Les données tout juste révélées sont éclairantes: en fin d’année 2017, le canton de Genève affichait une densité de population de 2028 habitants au kilomètre carré. Un an plus tôt, 18 personnes de moins vivaient sur cette même surface. Les chiffres sont éloquents sur une plus grande échelle temporelle: en dix ans, «la progression se monte à 206 habitants (1822 habitants au kilomètre carré à la fin de 2007)», écrit l’Ocstat. En vingt ans, près de 400 habitants se sont ajoutés (1629 habitants au kilomètre carré à la fin de 1997) au kilomètre carré dans le canton. Cela représente une augmentation de 20% en deux décennies.

Ces statistiques donnent-elles raison aux antidensification, ceux descendus dans la rue en début d’année pour dénoncer le «bétonnage» du canton? Impossible à dire puisque la notion de «surdensification» n’est pas quantifiable. Elle est davantage un ressenti face à une population qui augmente dans un espace inextensible.
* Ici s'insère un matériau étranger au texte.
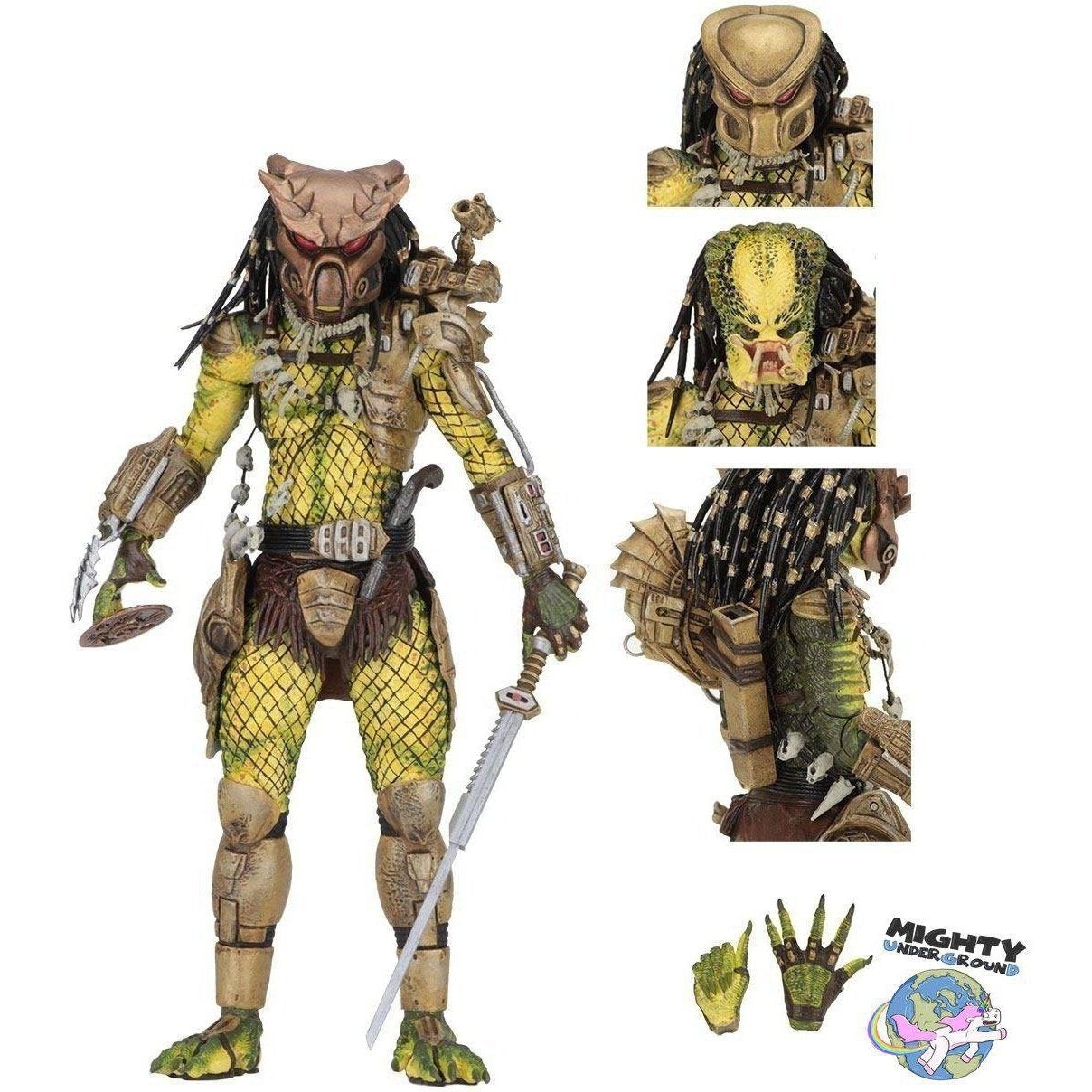 Predator: Ultimate Elder: The Golden Angel-Actionfiguren-NECA-Mighty Underground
Preuve en est que les trois référendums lancés contre des projets de constructions ont agité des communes et des quartiers où la densité est loin d’atteindre des pics. Ainsi, Bernex et Chêne-Bougeries comptent respectivement 777 et 2866 habitants au kilomètre carré; c’est pourtant là que les nouvelles constructions, relativement modestes, ont reçu des signes d’opposition dans les urnes (refusées à Chêne-Bougeries, finalement acceptées à Bernex). Inversement, les régions de la ville les plus densément peuplées – le sous-secteur de Cluse-Philosophes, par exemple, affole les compteurs avec près de 36 000 personnes au kilomètre carré – ne renferment aucune contestation majeure.
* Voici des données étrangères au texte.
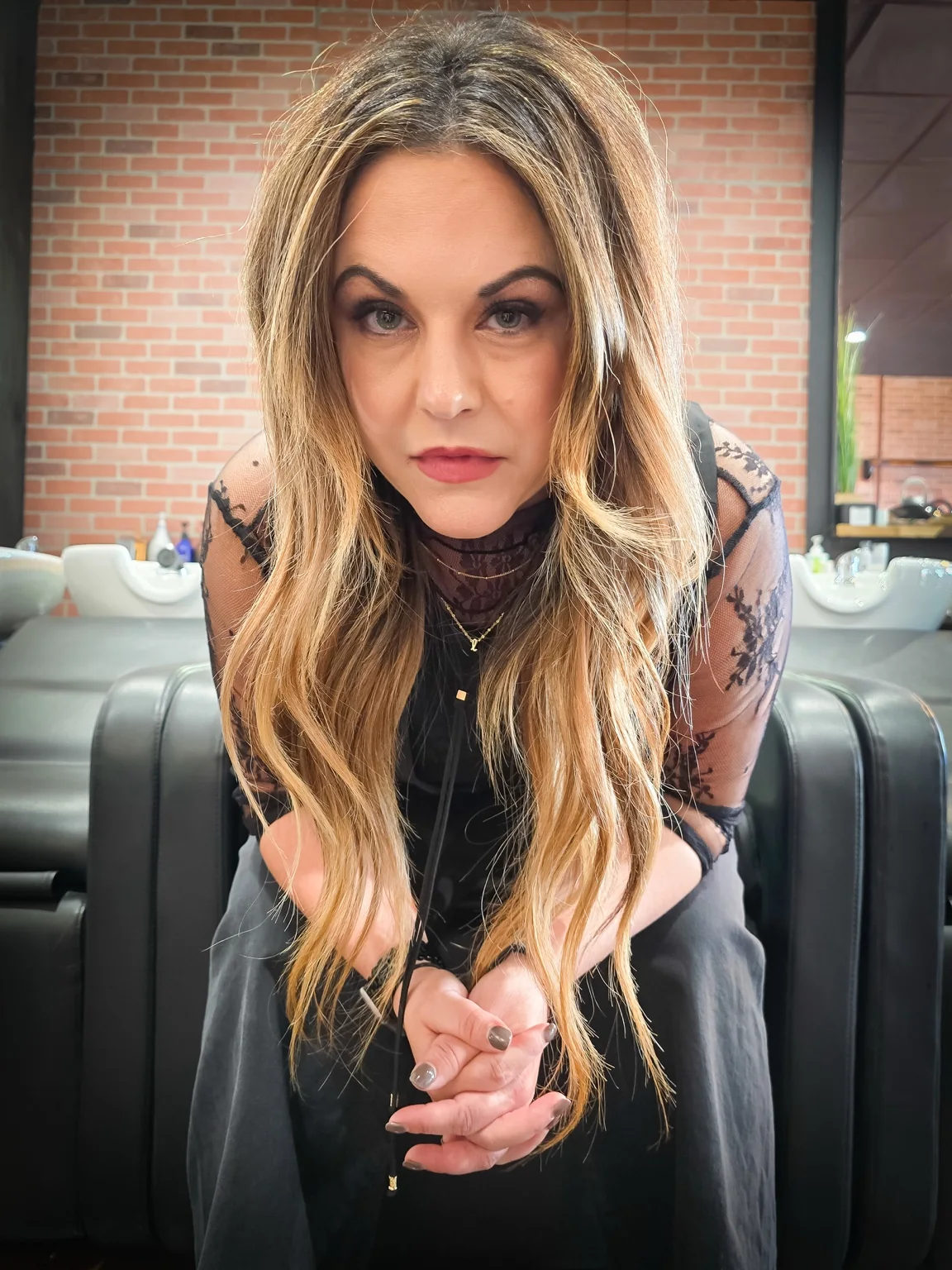 Lauren Nicole inside Fort Worth Hair and Co.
Quoi qu’il en soit, la densification de Genève est une réalité qui s’observe dans presque toutes les communes. Logiquement, c’est en ville de Genève que la promiscuité est la plus grande, avec 12 796 habitants au kilomètre carré. «Rappelons qu’elle groupe 47% des logements du canton, tandis que les surfaces agricoles et boisées ne forment que 5% de son territoire», écrivent les statisticiens genevois. Si Genève est bien la ville la plus densément peuplée du pays, il est faux de prétendre qu’elle figure dans le classement mondial (comme le faisaient les partisans de la loi sur la densification en 2014). À titre d’exemple, Dacca, au Bangladesh, compte près de 44 000 habitants au kilomètre carré.

Rien à voir, donc, avec Carouge (8392 habitants au kilomètre carré), Chêne-Bourg (6799), Onex (6756) et Lancy (6713), qui suivent la ville de Genève dans le classement genevois de la densité de population.

Quant à ceux qui veulent éviter un voisinage trop oppressant, ils sont invités à chercher un logement du côté de Russin. On y compte 110 habitants au kilomètre carré, soit la valeur la moins élevée du canton.